What the task requires:
The records below are to be restated word for word, with their images omitted.

*** Dataset records Section Begins ***

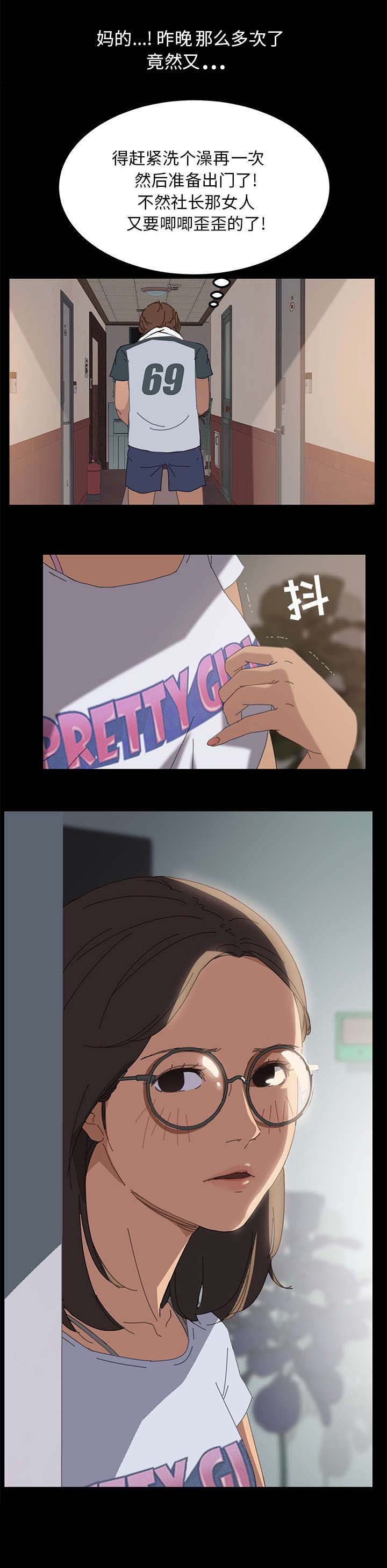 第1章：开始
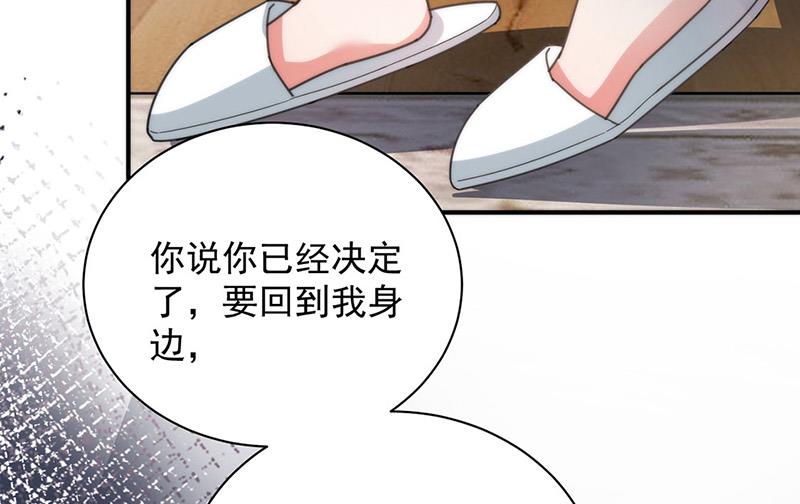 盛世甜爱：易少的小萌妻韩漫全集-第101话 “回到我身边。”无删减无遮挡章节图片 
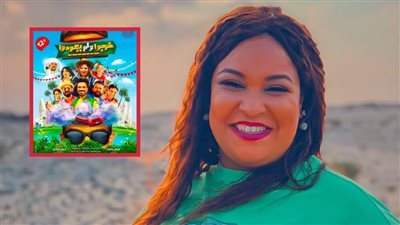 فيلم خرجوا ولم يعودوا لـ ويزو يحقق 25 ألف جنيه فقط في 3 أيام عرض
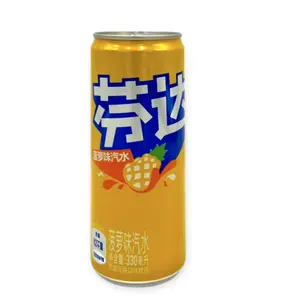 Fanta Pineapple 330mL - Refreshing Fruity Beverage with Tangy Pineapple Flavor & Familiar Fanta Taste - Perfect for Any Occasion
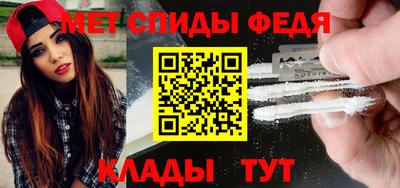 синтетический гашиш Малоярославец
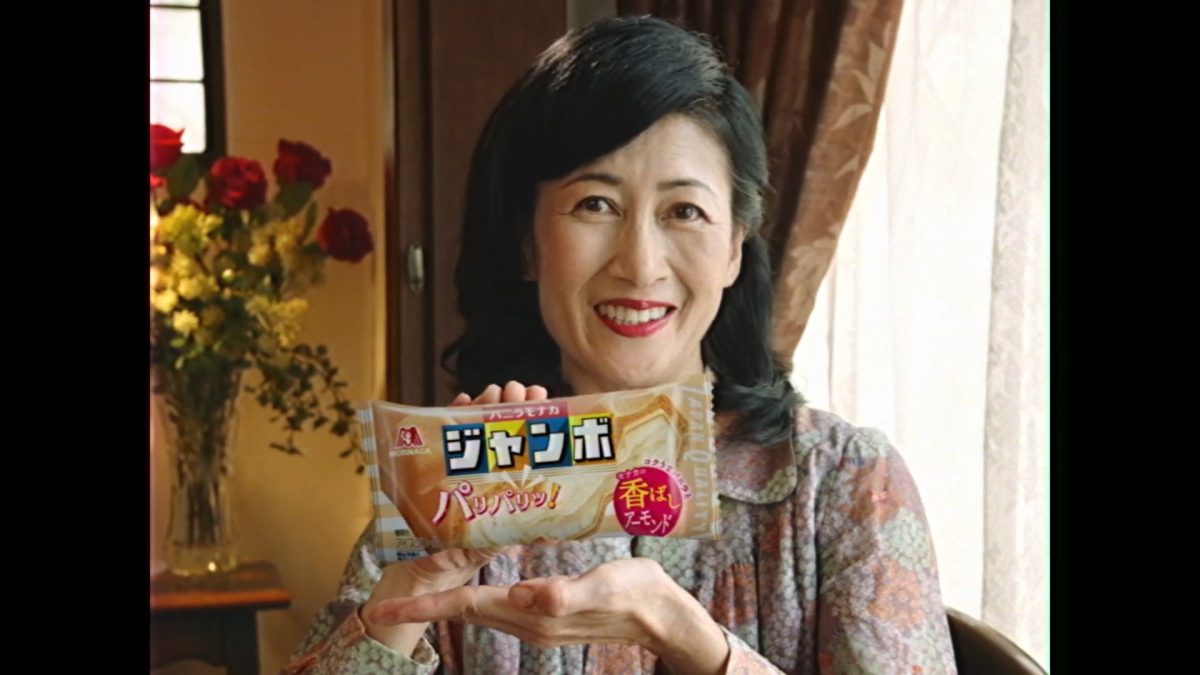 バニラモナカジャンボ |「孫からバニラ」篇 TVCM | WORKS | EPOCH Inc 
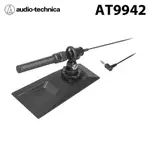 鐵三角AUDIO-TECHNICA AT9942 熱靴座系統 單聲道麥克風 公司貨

*** Dataset records Section Ends ***

Result for this exercise:
 第1章：开始
 盛世甜爱：易少的小萌妻韩漫全集-第101话 “回到我身边。”无删减无遮挡章节图片 
 فيلم خرجوا ولم يعودوا لـ ويزو يحقق 25 ألف جنيه فقط في 3 أيام عرض
 Fanta Pineapple 330mL - Refreshing Fruity Beverage with Tangy Pineapple Flavor & Familiar Fanta Taste - Perfect for Any Occasion
 синтетический гашиш Малоярославец
 バニラモナカジャンボ |「孫からバニラ」篇 TVCM | WORKS | EPOCH Inc 
 鐵三角AUDIO-TECHNICA AT9942 熱靴座系統 單聲道麥克風 公司貨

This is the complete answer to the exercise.